# Fliegenfischen bei Hochwasser



## Seele (19. August 2010)

Wie haltet ihr es bei Hochwasser. Ruht eure Ausrüstung oder begebt ihr euch in die braunen Fluten, nach dem Motto nur ein Köder im Wasser kann Fische fangen???


----------



## Hc-Meista (19. August 2010)

*AW: Fliegenfischen bei Hochwasser*

also ich war die letzten tage trotzdem angeln und habe auch ein paar fische überlisten können...sowohl mit nymphe als auch mit trockenfliege und streamer!"

mfg und petri


----------



## gezz (20. August 2010)

*AW: Fliegenfischen bei Hochwasser*

Hallo,

ich lasse mich prinzipiell auch nicht von einem hohen Wasserstand abhalten. Es gibt auch dafür Techniken die Erfolge bringen - wenn auch nicht so gute wie bei Normalwasser. 
Ich habe schon viele schöne Stunden unter der Kaputze im strömenden Regen am Wasser verbracht.
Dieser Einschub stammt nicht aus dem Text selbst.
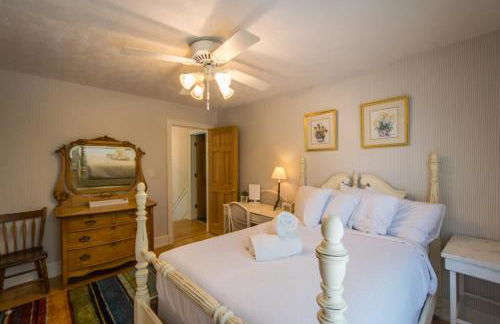 Historic 4BR Colonial with Pool Table and Fire Pit - Foto 23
Will ich nicht missen!

Viele Grüß
Alex


----------



## Sneep (20. August 2010)

*AW: Fliegenfischen bei Hochwasser*

Hallo,

Fischen bei Hochwasser kann überaus erfolgreich sein. 

Vor allem bei längeren Hochwässern sammeln sich große Gruppen von Fischen an Bachmündungen usw. wo sie Schutz vor der Strömung finden. 

Hohes Wasser heißt aber fast immer auch trübes Wasser.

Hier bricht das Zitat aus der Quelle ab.